Work instruction → Word-for-word transcription needed. Include every entry below but no pictures.

Start of Input data

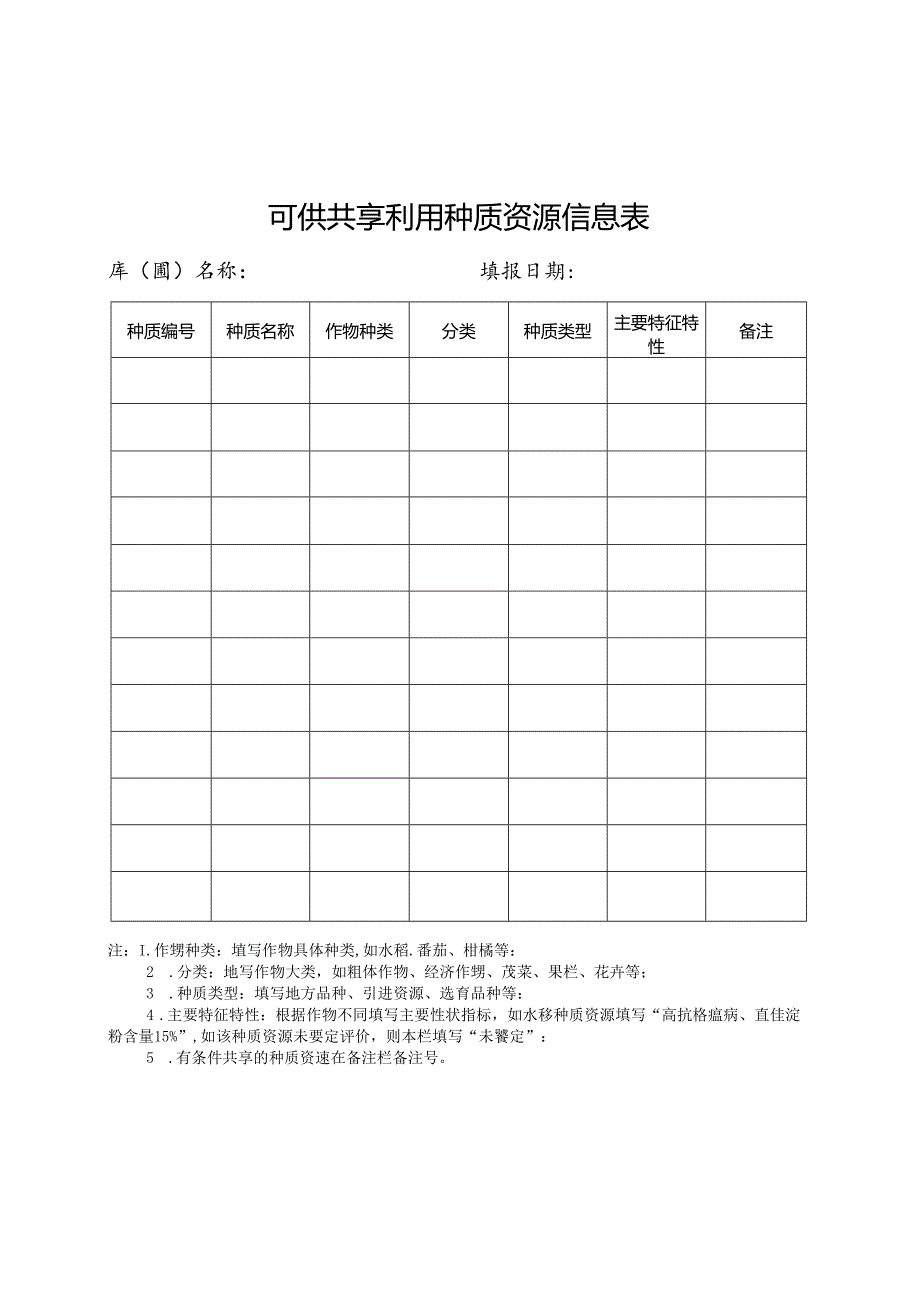 广东省农作物种质资源库(圃、区)确定申请表.docx_第3页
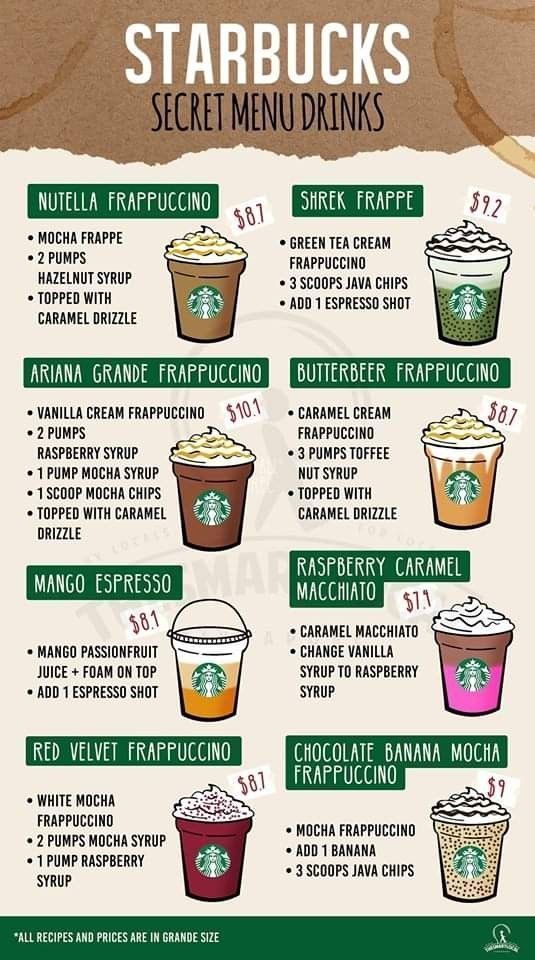 A cool guide for Starbucks secret menu r/coolguides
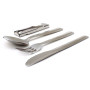 Rockland Premium Tools evőeszköz készlet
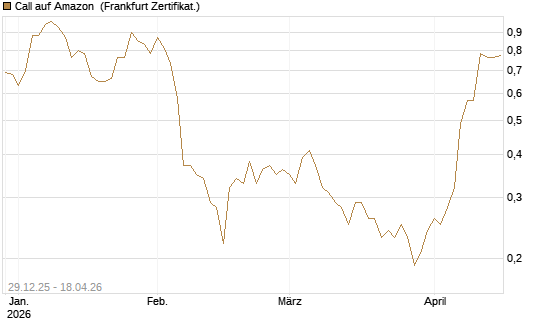 Call auf Amazon [BNP Paribas Emissions- und Handelsges.] Chart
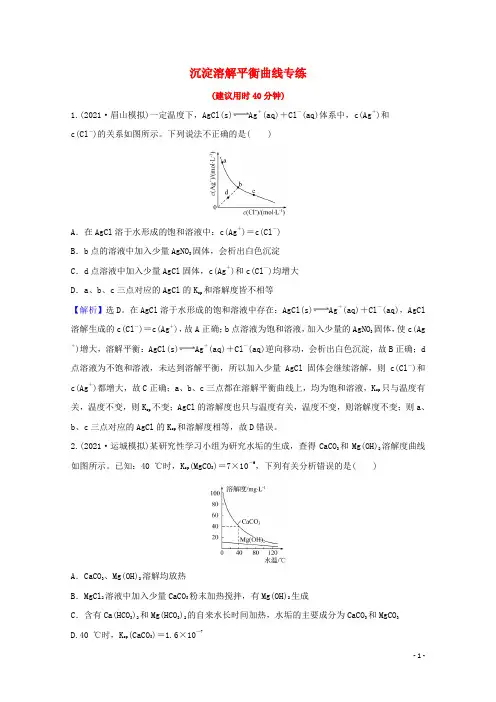 2022版高考化学一轮复习专项练十一沉淀溶解平衡曲线专练含解析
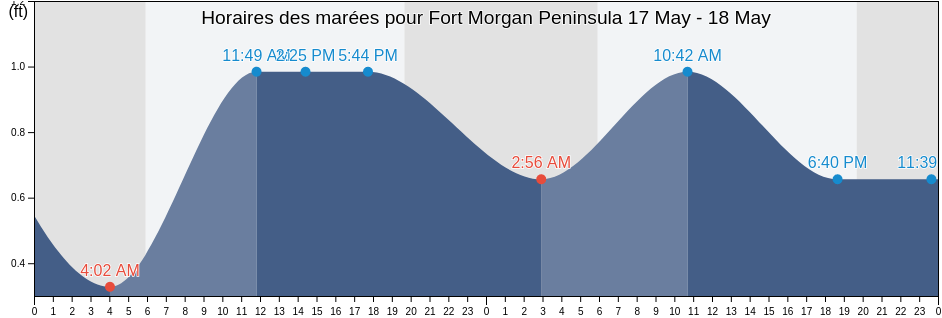 Horaires des marées pour Fort Morgan Peninsula, Baldwin County, Alabama, United States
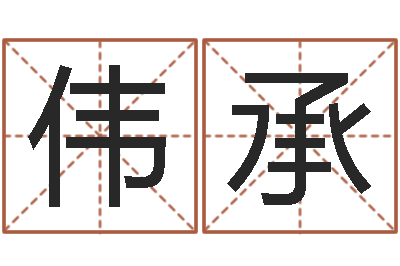 马伟承九星风水算命-鼠年起名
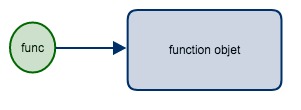 Python为何不能用可变对象作为默认参数的值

End of Input data

Output for this task →
 广东省农作物种质资源库(圃、区)确定申请表.docx_第3页
 A cool guide for Starbucks secret menu r/coolguides
 Rockland Premium Tools evőeszköz készlet
 Call auf Amazon [BNP Paribas Emissions- und Handelsges.] Chart
 2022版高考化学一轮复习专项练十一沉淀溶解平衡曲线专练含解析
 Horaires des marées pour Fort Morgan Peninsula, Baldwin County, Alabama, United States
 马伟承九星风水算命-鼠年起名
 Python为何不能用可变对象作为默认参数的值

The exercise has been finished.